If a post-closure permit is required, the permit shall address applicable Rule
R315-264 groundwater monitoring, unsaturated zone monitoring, corrective
action, and post-closure care requirements. The denial of a permit for the
active life of a hazardous waste management facility or unit does not affect
the requirement to get a post-closure permit under Section
R315-270-1.
(1) Specific inclusions. Owners and operators
of certain facilities require hazardous waste permits as well as permits under
other programs for certain aspects of the facility operation. Hazardous waste
permits are required for the following:
(i)
Injection wells that dispose of hazardous waste, and associated surface
facilities that treat, store or dispose of hazardous waste. However, the owner
and operator with a Utah or federal UIC permit, shall be considered to have a
"permit by rule" for the injection well itself if they comply with the
requirements of Subsection
R315-270-60(b).
(ii) Treatment, storage, or disposal of
hazardous waste at facilities requiring a National Pollutant Discharge
Elimination System (NPDES) permit. However, the owner and operator of a
publicly owned treatment works receiving hazardous waste shall be considered to
have a "permit by rule" for that waste if they comply with the requirements of
Subsection R315-270-60(c).
(2) Specific exclusions and exemptions. The
following are not required to get a hazardous waste permit.
(i) A generator who accumulates hazardous
waste on-site in compliance with the conditions for exemption provided in
Sections R315-262-14,
R315-262-15,
R315-262-16, and
R315-262-17.
(ii) A farmer who disposes of hazardous waste
pesticides from their own use as provided in Section
R315-262-70.
(iii) A person who owns or operates
facilities solely for the treatment, storage or disposal of hazardous waste
excluded from regulation under Rule R315-270 by Section
R315-261-4 or Section
R315-262-14, very small quantity
generator exemption.
(iv) An owner
or operator of totally enclosed treatment facilities as defined in Section
R315-260-10.
(v) An owner and operator of one or more
elementary neutralization units or wastewater treatment units as defined in
Section R315-260-10.
(vi) A transporter storing manifested
shipments of hazardous waste in containers meeting the requirements of Section
R315-262-30 at a transfer
facility for a period of ten days or less.
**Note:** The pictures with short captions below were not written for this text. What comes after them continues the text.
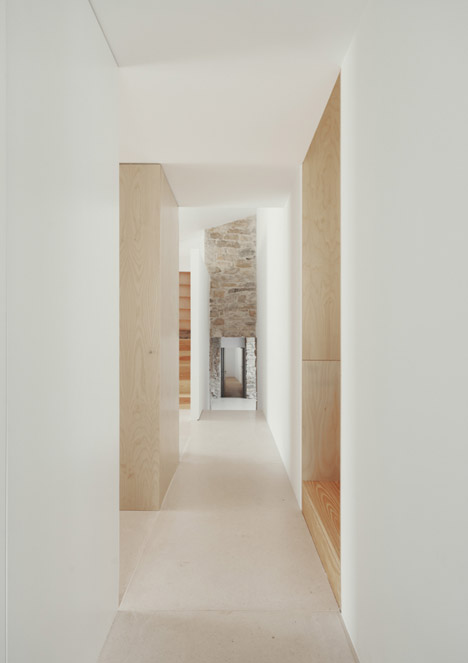 House in Serra de Janeanes by João Branco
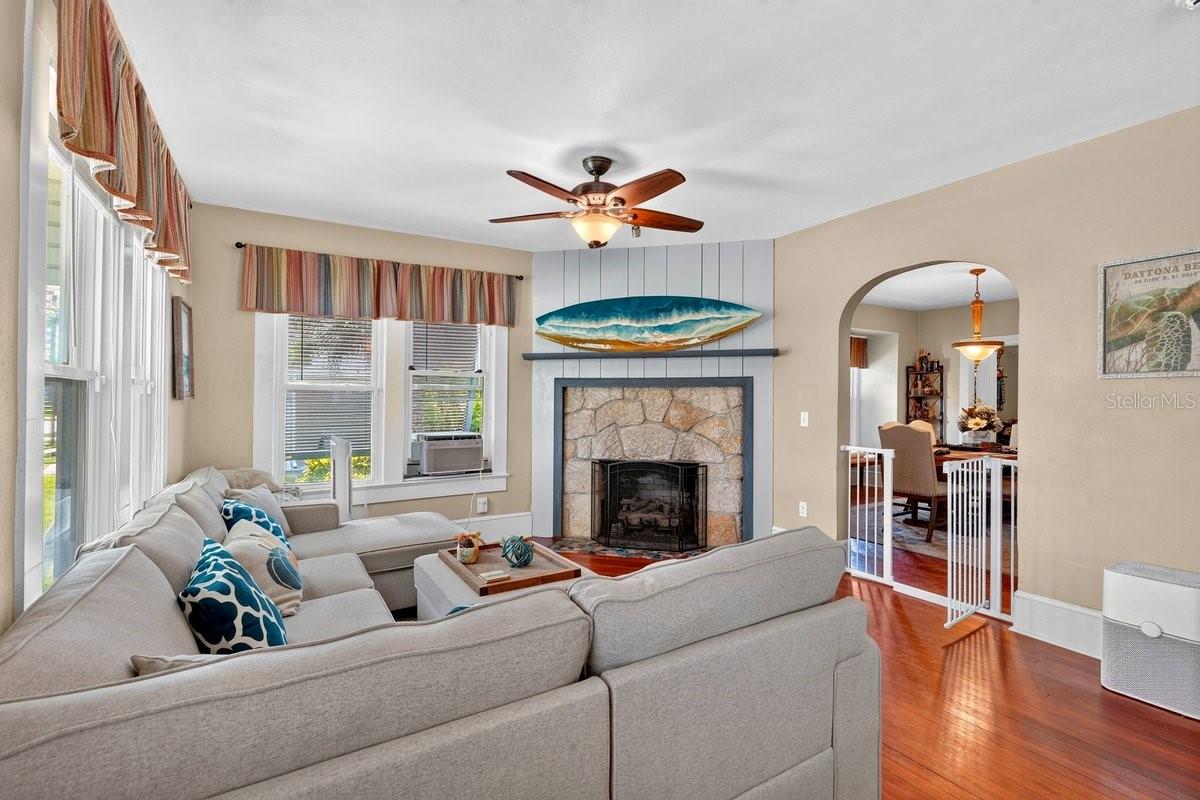 330 Hartford, Daytona Beach, FL 32118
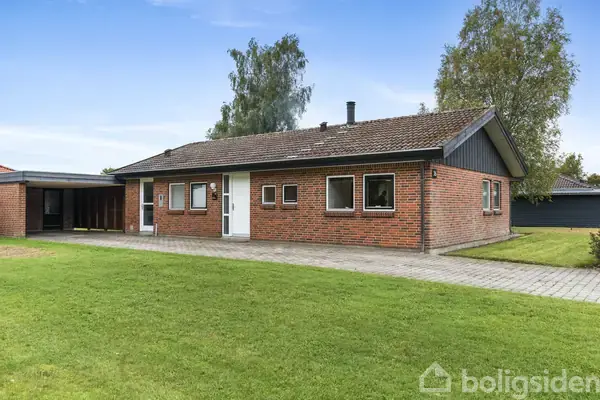 Villa på Falkevej 16, 7184 Vandel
(vii) A person adding absorbent material to
waste in a container, as defined in Section
R315-260-10, and a person adding
waste to absorbent material in a container, these actions shall occur waste is
first placed in the container, and Subsection
R315-264-17(b)
and Sections R315-264-171 and
R315-264-172 are complied
with.
(viii) Universal waste
handlers and universal waste transporters, as defined in Section
R315-260-10, managing the wastes
listed in Subsections
R315-270-1(c)(2)(viii)(A)
through R315-270-1(c)(2)(viii)(E).
These handlers are subject to regulation under Rule R315-273 if handling the
following universal wastes:
(A) batteries as
described in Section R315-273-2;
(B) pesticides as described in Section
R315-273-3;
(C) mercury-containing equipment as described
in Section R315-273-4;
(D) lamps as described in Section
R315-273-5; and
(E) aerosol cans as described in Section
R315-273-6.
(ix) Reserved.
(3) Further exclusions.
(i) A person is not required to get a permit
for treatment or containment activities taken during immediate response to any
of the following situations:
(A) a discharge
of a hazardous waste;
(B) an
imminent and substantial threat of a discharge of hazardous waste; or
(C) a discharge of a material that, if
discharged, becomes a hazardous waste.
(ii) Any person who continues or initiates
hazardous waste treatment or containment activities after the immediate
response is over is subject to the applicable requirements of Rule R315-270 for
those activities.
(iii) In the case
of emergency responses involving military munitions, the responding military
emergency response specialist's organizational unit shall keep records for
three years identifying the dates of the response, the responsible persons
responding, the type and description of material addressed, and its
disposition.
(4) Permits
for less than an entire facility. The director may issue or deny a permit for
one or more units at a facility without simultaneously issuing or denying a
permit to each of the units at the facility. The interim status of any unit
that has not been issued or denied a permit is not affected by the issuance or
denial of a permit to any other unit at the facility.
(5) Closure by removal. Owners or operators
of surface impoundments, land treatment units, and waste piles closing by
removal or decontamination under Rule R315-265 standards shall get a
post-closure permit unless they can demonstrate to the director that the
closure met the standards for closure by removal or decontamination in Section
R315-264-228, Subsection
R315-264-280(e),
or Section R315-264-258, respectively. The
demonstration may be made in the following ways.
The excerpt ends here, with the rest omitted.